- Relator(a)
- Ministro Og Fernandes
- Órgão julgador
- Sexta Turma
- Data do julgamento
- 23/02/2012
- Data de publicação
- 01/08/2012
STJ – Acórdão, Rel. Ministro Og Fernandes, Sexta Turma, j. 23/02/2012, p. 01/08/2012
HABEAS CORPUS. TRÁFICO DE ENTORPECENTES. PENA-BASE FIXADA ACIMA DO MÍNIMO LEGAL. VALORAÇÃO NEGATIVA DE MOTIVOS, CULPABILIDADE E CIRCUNSTÂNCIAS DO CRIME. FUNDAMENTAÇÃO IDÔNEA. RECONHECIMENTO DE MAUS ANTECEDENTES. PROCESSO EM ANDAMENTO. INVIABILIDADE. CAUSA ESPECIAL DE REDUÇÃO DA PENA. CABIMENTO. 1. A reprovação do crime é avaliada, de acordo com o que prevê o Código Penal, atendendo à culpabilidade, aos antecedentes, à conduta social, à personalidade do agente, aos motivos, às circunstâncias e consequências do crime, bem como ao comportamento da vítima. 2. Hipótese em que os motivos, a culpabilidade e as circunstâncias do crime estão bem delineados; a natureza e a quantidade da droga apreendida, além de seu preparo para comercialização, são fatores que justificam o aumento da pena-base acima do mínimo legal. 3. Na linha da iterativa jurisprudência desta Casa, inquéritos em andamento e ações penais sem trânsito em julgado não podem ser utilizadas para exasperar a sanção a título de maus antecedentes, personalidade ou conduta social. 4. Segundo o § 4º do art. 33 da Lei 11.343/06, nos crimes de tráfico ilícito de entorpecentes, as penas poderão ser reduzidas de 1/6 (um sexto) a 2/3 (dois terços), desde que o agente seja primário, de bons antecedentes, não se dedique a atividades criminosas, nem integre organização criminosa. 5. Na espécie, não houve o reconhecimento de que o réu se dedicasse a atividades criminosas, integrasse organização criminosa ou fosse reincidente.
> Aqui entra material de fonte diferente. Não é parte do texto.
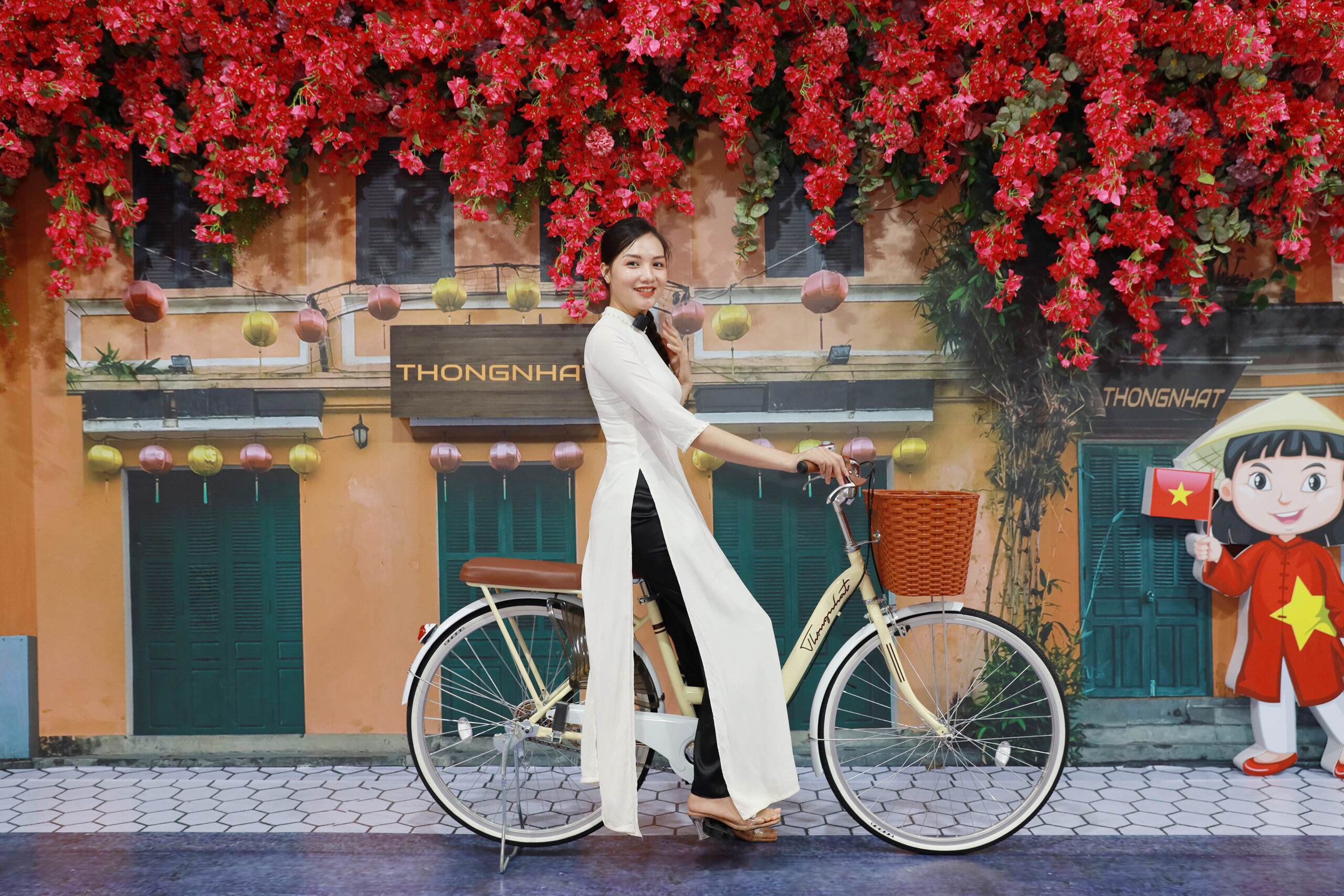 khach chup anh cung thong nhat 2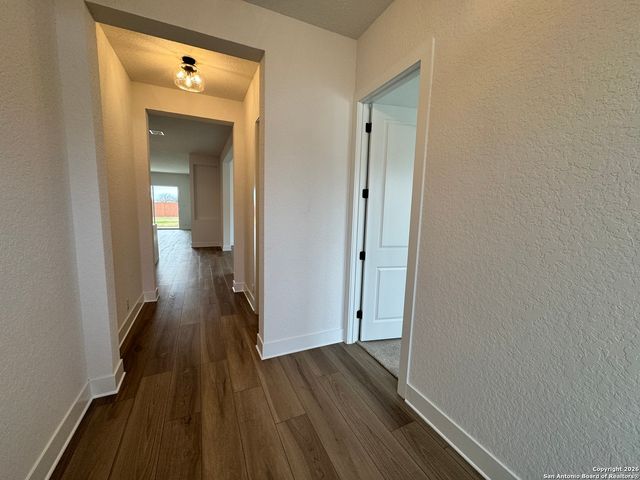 125 Katie Court, Castroville, TX 78009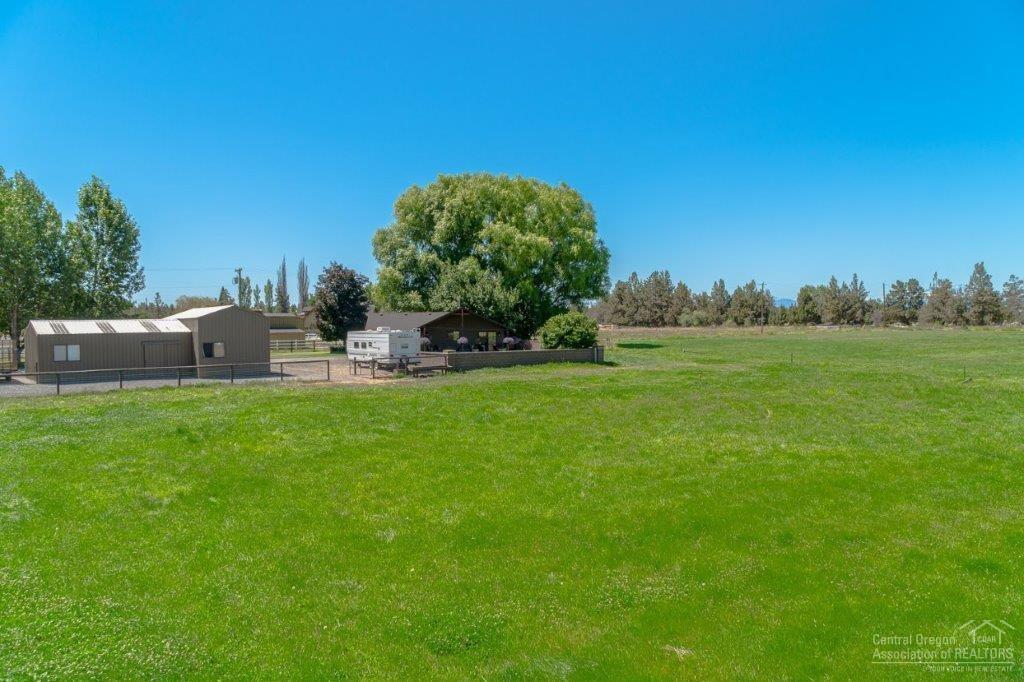 Crooked River Estate - Residential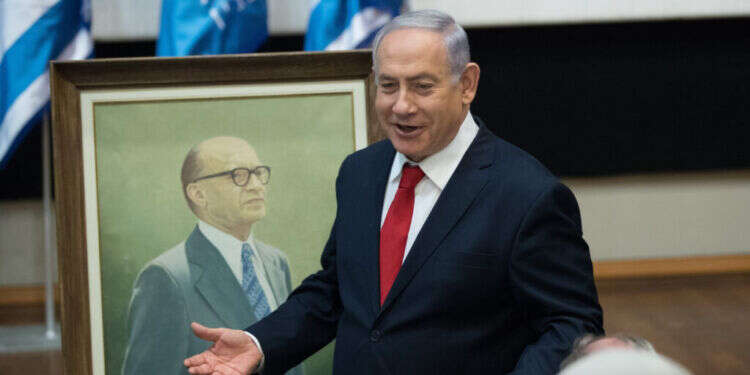 עשרות שנים של אופוזיציה מתגבשות לתחושת חוסר בעלות על המדינה גם כשמגיעים לשלטון. נתניהו. צילום: יונתן זינדל, פלאש 90 עשרות שנים של אופוזיציה מתגבשות לתחושת חוסר בעלות על המדינה גם כשמגיעים לשלטון. נתניהו. צילום: יונתן זינדל, פלאש 90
Afastada a presença de maus antecedentes, cabível a aplicação da causa especial de redução da pena. 6. A jurisprudência da Sexta Turma vem se firmando no sentido de que a natureza e quantidade do entorpecente apreendido interferem na fração aplicável para reduzir a pena. 7. Apesar de tratar-se de réu primário e com pena inferior a quatro anos de reclusão, a quantidade e o tipo de entorpecente - 70 (setenta) gramas de cocaína acondicionada em 51 (cinquenta e uma) porções -, recomendam o estabelecimento do regime inicial semiaberto para o início da expiação e demonstram não ser socialmente recomendável o deferimento da substituição da sanção corporal por restritivas de direitos. 8. Ordem parcialmente concedida. (HC n. 165.897/MG, relator Ministro Og Fernandes, Sexta Turma, julgado em 23/2/2012, DJe de 1/8/2012.)